SUPREME COURT OF THE STATE OF NEW YORK COUNTY OF NEW YORK: PART 15
Jan 15, 2015
2015 N.Y. Slip Op. 30042 (N.Y. Sup. Ct. 2015)

Opinion

Index No. 160361/2013 Index No. 160363/2013

01-15-2015

RIDGE PRODUCE, INC., Plaintiff, v. BDKP, INC. D/B/A BLUE DOG, BORIS SLAVUTSKY and ELIZABETH SLAVUTSKY, Defendants. RIDGE PRODUCE, INC., Plaintiff, v. BLUE DOG CAFÉ AT LE PARKER MERIDIEN INC., BORIS SLAVUTSKY and ELIZABETH SLAVUTSKY, Defendants.


Decision and Order Mot. Seq. 001

Plaintiff, Ridge Produce, Inc. ("Ridge Produce"), is a wholesale supplier of fruits and produce. Defendant, BDKP, Inc. d/b/a Blue Dog ("BDKP"), is a commissary kitchen that prepares soups, salads, sandwiches, and other foods and juices for sale at Blue Dog Café locations and catering jobs. Defendant, Blue Dog Café at Le Parker Meridien ("Blue Dog Café"), operates a "Blue Dog" pop up stall in the food court at the Parker Meridien Hotel.

Common to both actions (Index Nos. 160361/2013 and 160363/2013) are the following facts: Ridge Produce sold and delivered goods to BDKP and Blue Dog Café (collectively, "Defendants") and submitted invoices pursuant to the agreement that Ridge Produce would supply produce for Defendants on an ongoing basis for use in food establishments.

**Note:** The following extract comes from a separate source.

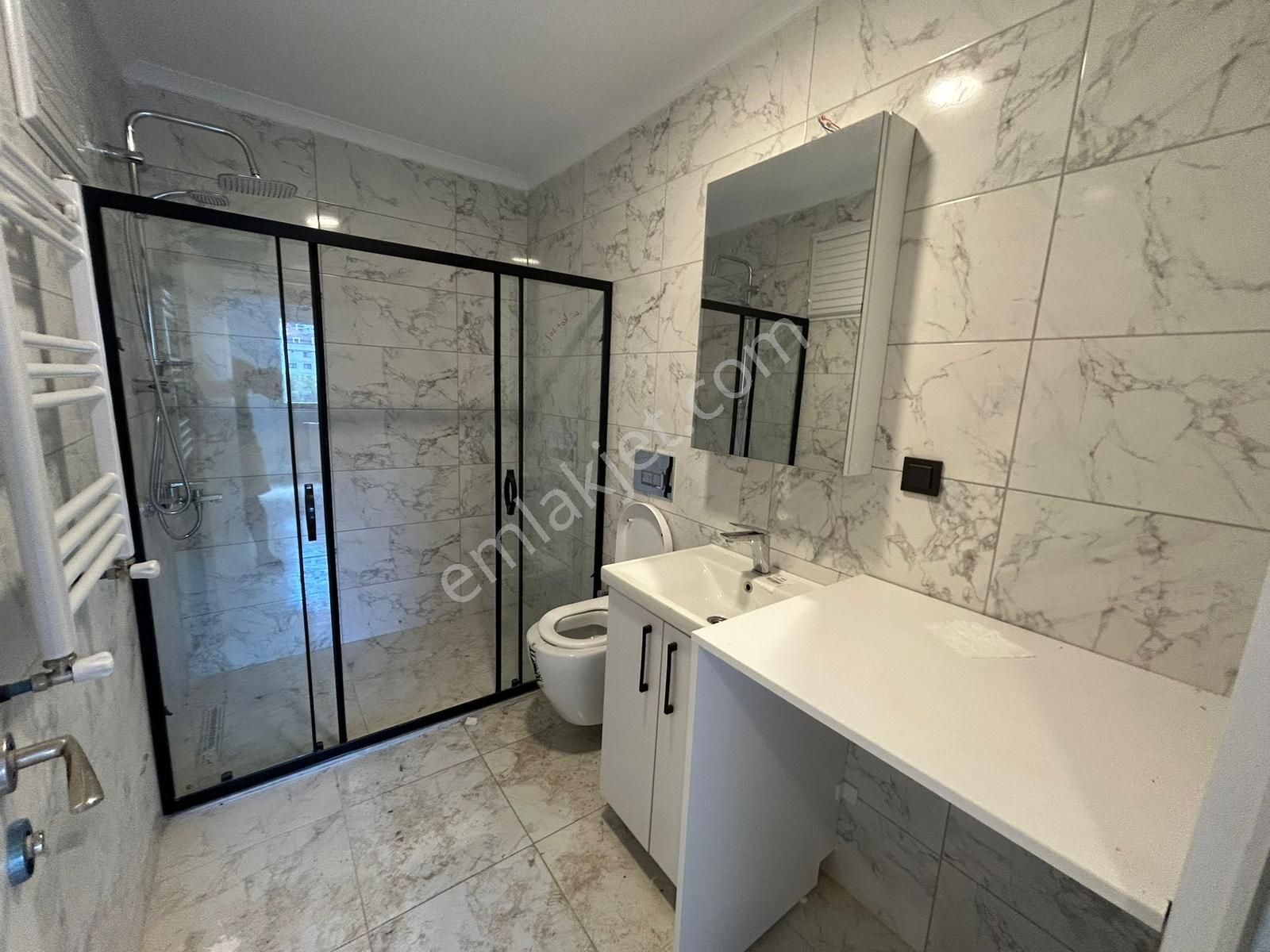 Bostancıda Sıfır 3+1 Ebeveyn Banyolu Balkonlu 85m² Net Daire - Görsel 7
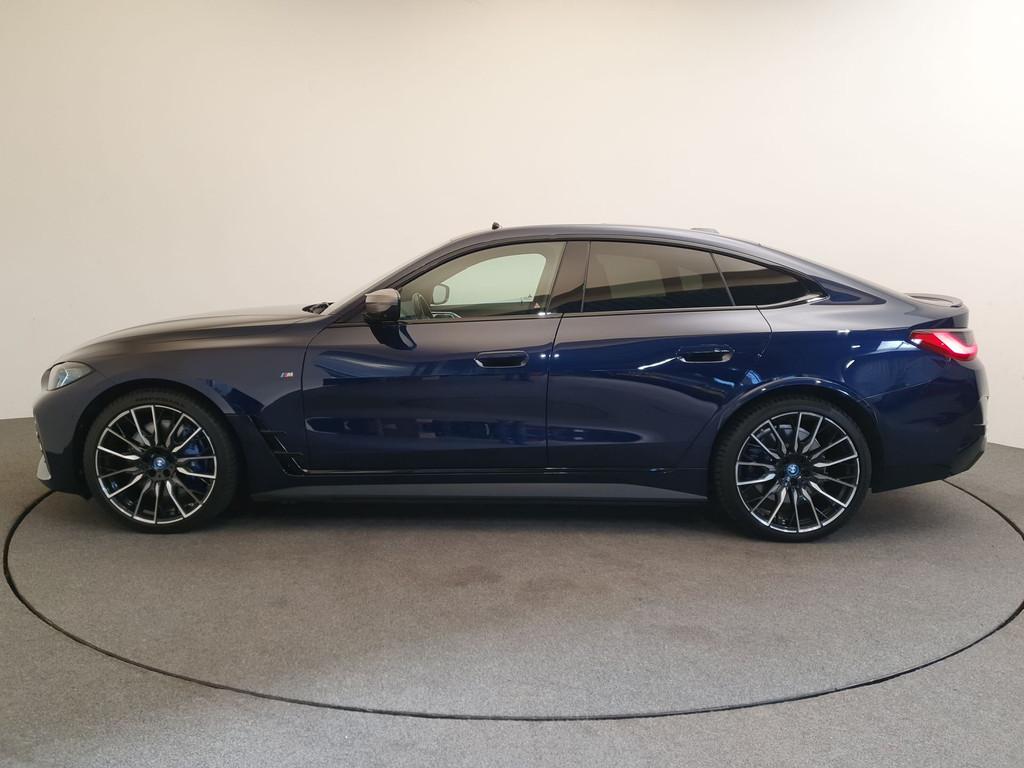 BMW i4 M50 High Executive 84 kWh M-Sport Plus Pack, Pano, HU, Auto's, BMW, 12 maanden, Gebruikt, Zwart, Blauw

Ridge Produce now seeks to recover for monies owed for the goods sold and delivered to Defendants.

Ridge Produce seeks to recover the sum of $208,109.87 for goods sold and delivered to BDKP, from on or about May 26, 2013 to October 27, 2013. The Complaint sets forth claims for failure to pay for goods sold and delivered, account stated, and for liability against Boris Slavutsky and Elizabeth Slavutsky based on a April 3, 2013 guaranty. Defendants interposed an Answer with affirmative defenses on December 20, 2013, which included the following affirmative defenses: (1) "Upon information and belief, Plaintiff was in first breach of any agreement between Plaintiff and the Defendants, and by reason thereof the Plaintiff's Complaint must be dismissed with prejudice"; (2) "Upon information and belief, the Plaintiff's Complaint must be dismissed because the Plaintiff has breached the covenant of good faith and fair dealing that underscores all commercial agreements in the state of New York.;" (3) "Upon information and belief, the Plaintiff's claim must be dismissed with prejudice pursuant to the doctrine of accord and satisfaction."; and (4) "Upon information and belief, and subject to additional discovery, upon information and belief, the Plaintiff's claim must be dismissed with prejudice for violating its duty to the Defendants to maintain confidentiality and not disclose the business Defendants' [sic] trade secrets and proprietary information to benefit the Plaintiff and third parties."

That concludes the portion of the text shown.